You don’t really maintain the park that well. The playground is broken; half of the place is covered in graffiti. But you have to realize that this neglected little park is the one bit of nature that any kid in this neighborhood has. There’s something magical in being allowed to ride your bike alone to the park for the first time, past busy streets and cracked sidewalks, through the bad part of suburbia to a little garden of Eden.
At first, every kid rushes to the playground. This, you’ve already changed. Where there once was a hot metal deathtrap with sand beneath, now stands a plastic play structure with a recycled rubber floor. To be honest, I liked the metal playground, or I might just be bitter that you closed the park for a full summer to rebuild it. Any kid now is going to appreciate not being burned by the metal slide. That is, if you keep this park open for the kids to play on this plastic structure for hours.
The kid enjoying this playground gets tired, and goes to the one drinking fountain in the park for some water. This one fountain is always broken, but the little water it does put out is cold and sweet. I do have to let you know that the location of the fountain is very odd. It’s right in the middle of a large span of concrete, and the local skateboarding kids love to glide around the obstacle course of cracks.
So this kid runs away from the skateboarders, onto the large field of grass. No one really uses this field, it’s overgrown with weeds and there are bees hidden in patches of clover.
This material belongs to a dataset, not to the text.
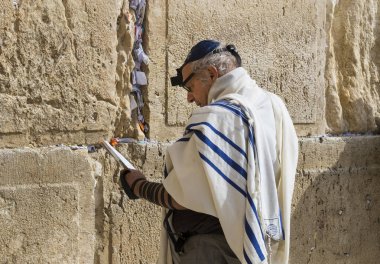 Jerusalem, İsrail - 22 Kasım 2017: hacılar dua, Yahudi halkının kutsal yer ve dünyadaki Hıristiyanların ibadet Merkezi ağlama duvarı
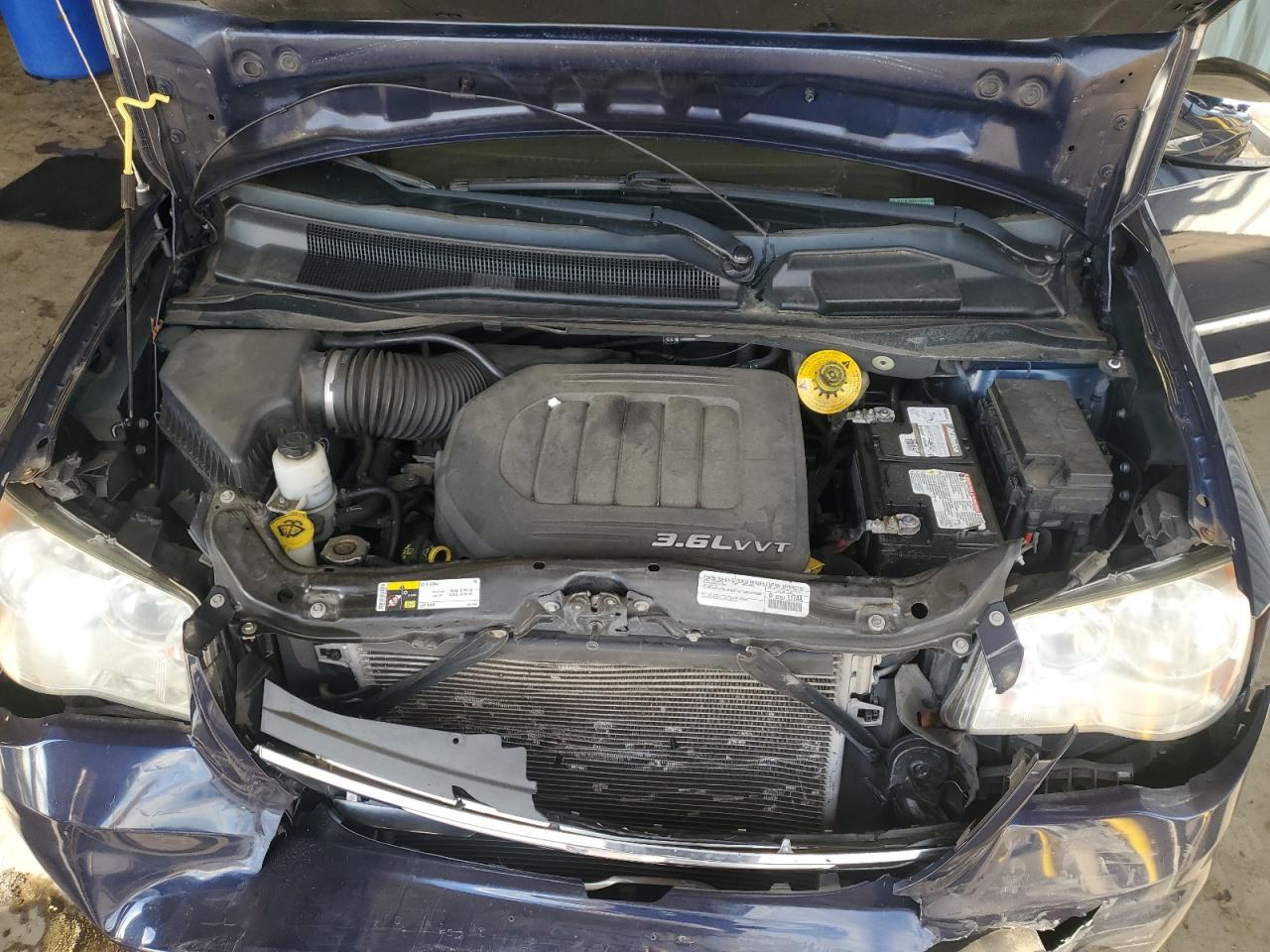 2015 Chrysler Town & Country Touring L VIN: 2C4RC1CG8FR506381 Lot: 86270875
This just means that this kid is free to run around, until her little legs are tired, and then collapse in the sweet smelling grass and just lie there for a moment, soaking in the California sun. You can’t think of taking this away.
The kid might get burned by the sun, and run over to the oaks of Shady Oaks Park—a small grove that has so much shade it can get chilly in the middle of summer. There are picnic benches and barbecue pits here. Families have picnics here quite often, as it’s a nice little area that’s close to home.
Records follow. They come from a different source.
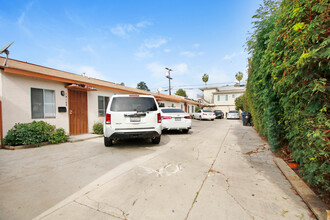 14105 Calvert St in Van Nuys, CA - Building Photo - Building Photo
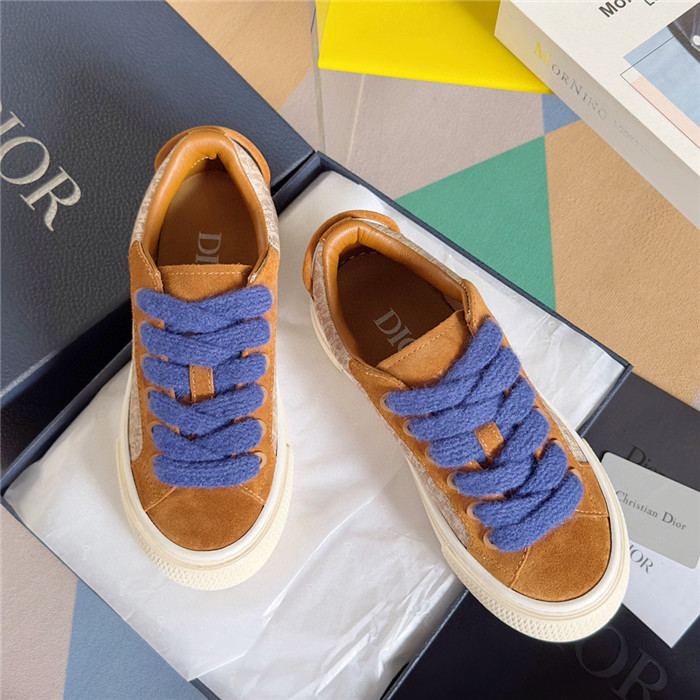 D1OR B33 Sneakers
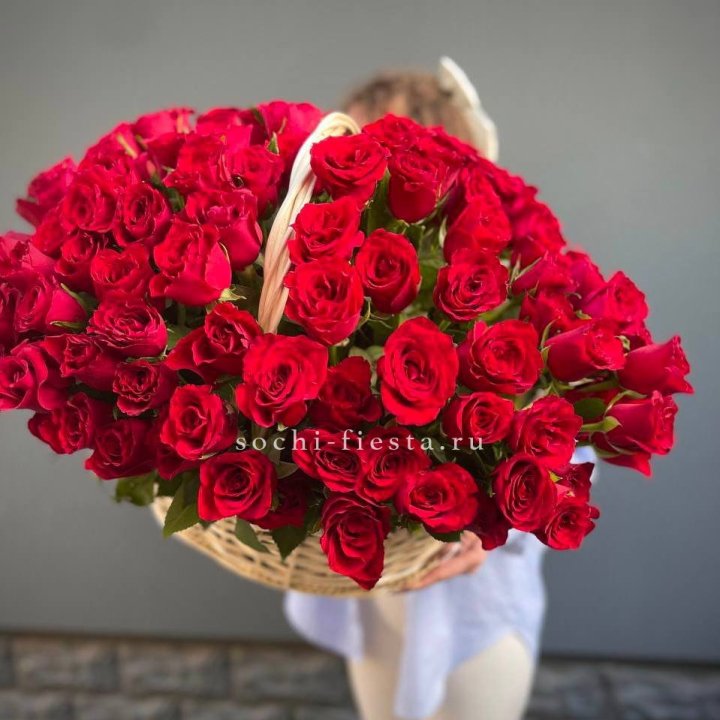 121 красная роза в корзине   в Саранске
The kid leaves the comfort of the shade and goes to the run-down exercise course. This, you really could get rid of it. Kids swarm over it with absolutely no supervision, and they can get seriously hurt here. I know it was once intended for adults to improve their balance and strength, but a kid just sees an arrangement of bars to hang off of and poles to balance on. In the sixteen years I spent going to this park, I never saw anyone actually exercise on the exercise course. I did, however, see two broken bones and countless scraped knees from my friends falling off of the three-foot high balance bar. Change this part, if you must change something, but this ruin from the 80s should not mean you sacrifice the whole park.
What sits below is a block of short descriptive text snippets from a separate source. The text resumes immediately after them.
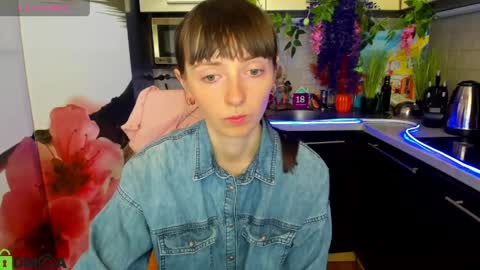 jessicaforris online show from April 3, 7:17 am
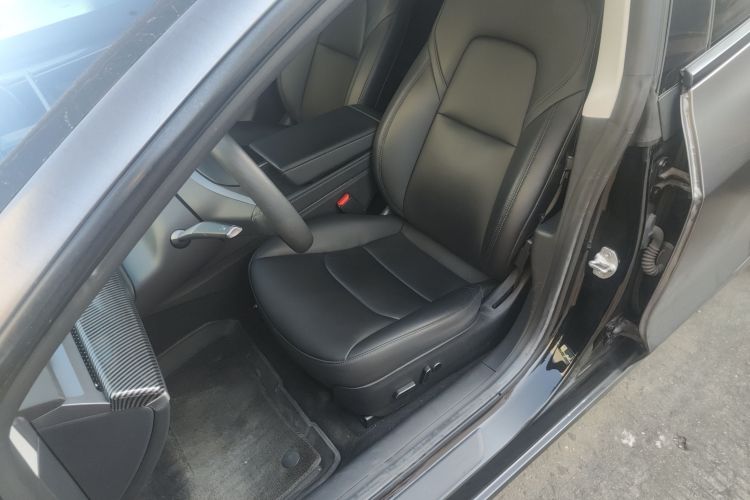 特斯拉 Model 3 2022款 Performance高性能全轮驱动版中控内饰19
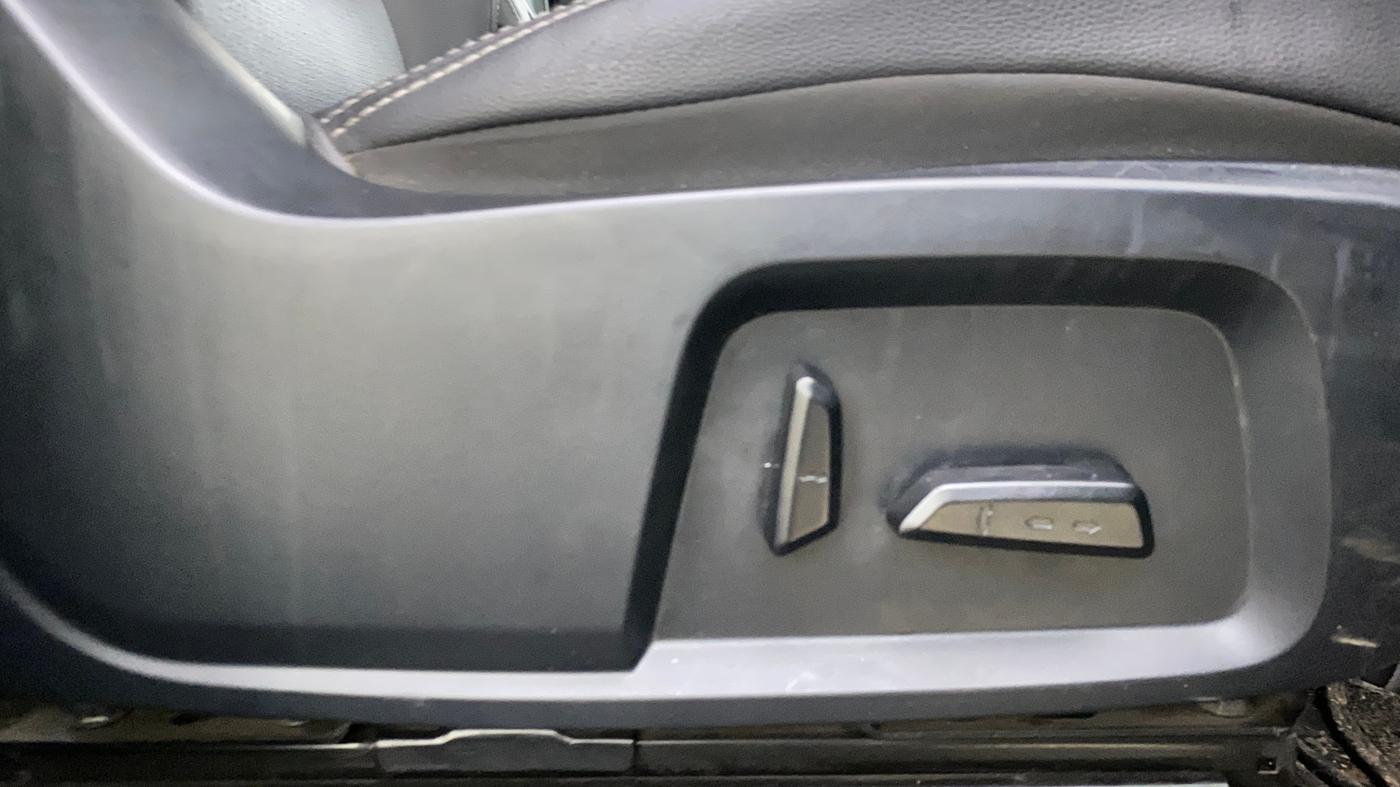 2021 Tata Harrier XZA PLUS 2.0L DARK EDITION, Diesel, Automatic, 81,743 km, Driver Side Adjustment Panel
A little ways away from the exercise course is the absolute gem of the park, the one thing that no kid could find somewhere else: the bouncy tree. That’s what my friends and I called it. Just off the trail that surrounds the park is a tree that grew sideways, so the trunk is perpendicular to the ground. It’s strong enough to hold the weight of four or five kids, and when these kids climb on, the tree will literally bounce. It’s already an amazing thing for a kid to see a tree that grows sideways, and this one is better in that it’s a ride, too! This tree is the hidden treasure of Shady Oaks Park, and the thing that could not be replaced if you tear the park down.
This park is also one of the entrances to the Coyote Creek bike trail. I know you wouldn’t tear down this trail; it’s one of the major features of San Jose. What kid doesn’t love spending all day riding to Morgan Hill, passing through various parks and the model plane airport? But this entrance from this park is particularly important. It’s close to two of the major landmarks on the trail: the five-foot deep dip in the trail that’s so fun to ride down, and the short trail down to the creek. A kid can walk down to Coyote Creek and wade through the cold water, experiencing the beauty of nature while being only five minutes from home. I’m not sure if this is still there, but a bit away from the shore once had bushes of wild blackberries hanging over the water. It was untouched by most animals, so a little kid’s hands could reach through the thorny bramble and collect a sweet edible prize.
And all right, so there are wild animals along that trail. Cougars live in the mountains. I know that seems like a bad thing, like the cougars will attack innocent young children. But really, you have to realize that to the kids in the area, wild animals like that are awesome. It’s a way to get close to the dangerous part of nature while still having the option to run back to the safety of home. So instead of expanding suburbia to get rid of these animals, you should let them stay. Children don’t need to grow up in perfect sterile environments, what they need is to experience the world. Try teaching them how to deal with cougars instead—a few simple placards along the trail would be more than what they have now.
So please, San Jose, do not tear down this park. It is worth far more to the residents than new houses would be. I know this is a big city and a tiny park is often overlooked in the big picture, but it is important. It needs to be preserved.
After all, what good would more houses be if there were no park for the kids to play in?